Your instructions: Where the records hold the string "Vintage", show the whole line it sits on.

[Stored dataset items]

::::

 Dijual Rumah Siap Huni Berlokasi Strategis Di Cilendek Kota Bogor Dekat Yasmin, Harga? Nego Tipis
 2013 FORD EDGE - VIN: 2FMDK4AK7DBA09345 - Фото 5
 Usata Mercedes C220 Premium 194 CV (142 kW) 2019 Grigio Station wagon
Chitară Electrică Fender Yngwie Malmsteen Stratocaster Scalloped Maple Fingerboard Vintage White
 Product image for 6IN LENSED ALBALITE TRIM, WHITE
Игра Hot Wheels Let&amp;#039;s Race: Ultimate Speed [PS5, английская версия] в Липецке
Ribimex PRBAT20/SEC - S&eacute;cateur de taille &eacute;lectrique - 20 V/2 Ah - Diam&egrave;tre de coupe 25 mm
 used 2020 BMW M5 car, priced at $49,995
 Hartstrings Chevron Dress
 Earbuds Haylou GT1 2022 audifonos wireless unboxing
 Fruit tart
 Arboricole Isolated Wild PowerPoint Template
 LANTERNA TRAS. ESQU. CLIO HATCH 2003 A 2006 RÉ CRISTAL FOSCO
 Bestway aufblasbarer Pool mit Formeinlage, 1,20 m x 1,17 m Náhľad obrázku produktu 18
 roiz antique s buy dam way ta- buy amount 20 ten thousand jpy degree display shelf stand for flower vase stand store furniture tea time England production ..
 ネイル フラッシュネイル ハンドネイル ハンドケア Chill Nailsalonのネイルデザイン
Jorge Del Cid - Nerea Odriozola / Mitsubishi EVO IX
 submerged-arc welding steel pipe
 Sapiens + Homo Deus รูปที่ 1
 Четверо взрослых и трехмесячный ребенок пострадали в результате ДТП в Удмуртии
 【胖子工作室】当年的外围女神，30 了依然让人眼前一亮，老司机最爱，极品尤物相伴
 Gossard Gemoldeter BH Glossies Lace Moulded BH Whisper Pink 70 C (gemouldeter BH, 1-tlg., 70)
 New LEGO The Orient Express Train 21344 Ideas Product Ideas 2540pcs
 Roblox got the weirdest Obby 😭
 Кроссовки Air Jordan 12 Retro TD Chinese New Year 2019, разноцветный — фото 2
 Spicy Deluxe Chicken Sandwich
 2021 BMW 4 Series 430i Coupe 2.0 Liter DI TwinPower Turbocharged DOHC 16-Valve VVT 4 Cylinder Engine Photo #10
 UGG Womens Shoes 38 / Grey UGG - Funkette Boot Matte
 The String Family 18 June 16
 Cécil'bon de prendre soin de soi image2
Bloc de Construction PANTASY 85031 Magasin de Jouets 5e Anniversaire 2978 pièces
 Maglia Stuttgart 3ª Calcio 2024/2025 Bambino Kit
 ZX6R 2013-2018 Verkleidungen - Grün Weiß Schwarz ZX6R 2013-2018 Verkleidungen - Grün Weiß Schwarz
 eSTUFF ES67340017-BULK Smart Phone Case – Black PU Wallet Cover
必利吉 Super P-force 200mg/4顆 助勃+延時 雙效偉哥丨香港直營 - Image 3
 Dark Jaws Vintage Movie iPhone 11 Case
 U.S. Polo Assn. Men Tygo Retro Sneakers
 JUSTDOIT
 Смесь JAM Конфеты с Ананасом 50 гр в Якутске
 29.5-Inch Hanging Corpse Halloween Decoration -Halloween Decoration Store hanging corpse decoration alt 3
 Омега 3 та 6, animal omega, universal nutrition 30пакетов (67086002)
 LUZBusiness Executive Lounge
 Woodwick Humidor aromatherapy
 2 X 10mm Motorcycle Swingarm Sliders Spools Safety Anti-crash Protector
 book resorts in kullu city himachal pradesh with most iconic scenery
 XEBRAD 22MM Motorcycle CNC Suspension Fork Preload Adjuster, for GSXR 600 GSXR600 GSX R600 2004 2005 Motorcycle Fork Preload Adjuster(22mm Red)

::::

Reply:
Chitară Electrică Fender Yngwie Malmsteen Stratocaster Scalloped Maple Fingerboard Vintage White
 Dark Jaws Vintage Movie iPhone 11 Case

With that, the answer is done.